▶ How to complete this task: Retype, exactly as they appear below, the lines between the line holding "Casual Sports Rugby" and the line holding "Presentation with aircraft", both ends included.

▶ Supplied material:
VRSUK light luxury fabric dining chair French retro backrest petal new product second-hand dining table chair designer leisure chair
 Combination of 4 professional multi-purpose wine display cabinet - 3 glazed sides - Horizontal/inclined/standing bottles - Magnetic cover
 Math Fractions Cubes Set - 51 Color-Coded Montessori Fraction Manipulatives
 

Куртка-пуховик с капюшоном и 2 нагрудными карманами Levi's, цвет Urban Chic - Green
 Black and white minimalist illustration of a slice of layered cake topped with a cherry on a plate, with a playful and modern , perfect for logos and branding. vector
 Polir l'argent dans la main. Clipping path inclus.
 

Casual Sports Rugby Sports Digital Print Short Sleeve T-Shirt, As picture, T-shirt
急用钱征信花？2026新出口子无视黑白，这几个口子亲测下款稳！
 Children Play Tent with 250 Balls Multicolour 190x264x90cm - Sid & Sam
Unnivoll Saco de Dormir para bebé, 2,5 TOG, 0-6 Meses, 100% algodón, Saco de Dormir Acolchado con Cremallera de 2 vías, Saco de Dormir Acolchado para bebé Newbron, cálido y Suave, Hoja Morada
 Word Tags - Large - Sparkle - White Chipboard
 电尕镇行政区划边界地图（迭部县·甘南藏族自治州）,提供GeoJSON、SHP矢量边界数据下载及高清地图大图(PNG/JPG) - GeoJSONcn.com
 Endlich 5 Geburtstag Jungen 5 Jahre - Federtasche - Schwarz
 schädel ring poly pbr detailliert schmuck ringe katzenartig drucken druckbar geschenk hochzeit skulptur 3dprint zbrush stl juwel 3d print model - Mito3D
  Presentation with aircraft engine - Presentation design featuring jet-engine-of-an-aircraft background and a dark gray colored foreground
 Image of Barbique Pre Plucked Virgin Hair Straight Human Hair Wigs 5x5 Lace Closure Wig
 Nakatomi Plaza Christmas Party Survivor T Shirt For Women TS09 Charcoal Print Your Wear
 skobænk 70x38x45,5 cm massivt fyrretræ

▶ Expected output:
Casual Sports Rugby Sports Digital Print Short Sleeve T-Shirt, As picture, T-shirt
急用钱征信花？2026新出口子无视黑白，这几个口子亲测下款稳！
 Children Play Tent with 250 Balls Multicolour 190x264x90cm - Sid & Sam
Unnivoll Saco de Dormir para bebé, 2,5 TOG, 0-6 Meses, 100% algodón, Saco de Dormir Acolchado con Cremallera de 2 vías, Saco de Dormir Acolchado para bebé Newbron, cálido y Suave, Hoja Morada
 Word Tags - Large - Sparkle - White Chipboard
 电尕镇行政区划边界地图（迭部县·甘南藏族自治州）,提供GeoJSON、SHP矢量边界数据下载及高清地图大图(PNG/JPG) - GeoJSONcn.com
 Endlich 5 Geburtstag Jungen 5 Jahre - Federtasche - Schwarz
 schädel ring poly pbr detailliert schmuck ringe katzenartig drucken druckbar geschenk hochzeit skulptur 3dprint zbrush stl juwel 3d print model - Mito3D
  Presentation with aircraft engine - Presentation design featuring jet-engine-of-an-aircraft background and a dark gray colored foreground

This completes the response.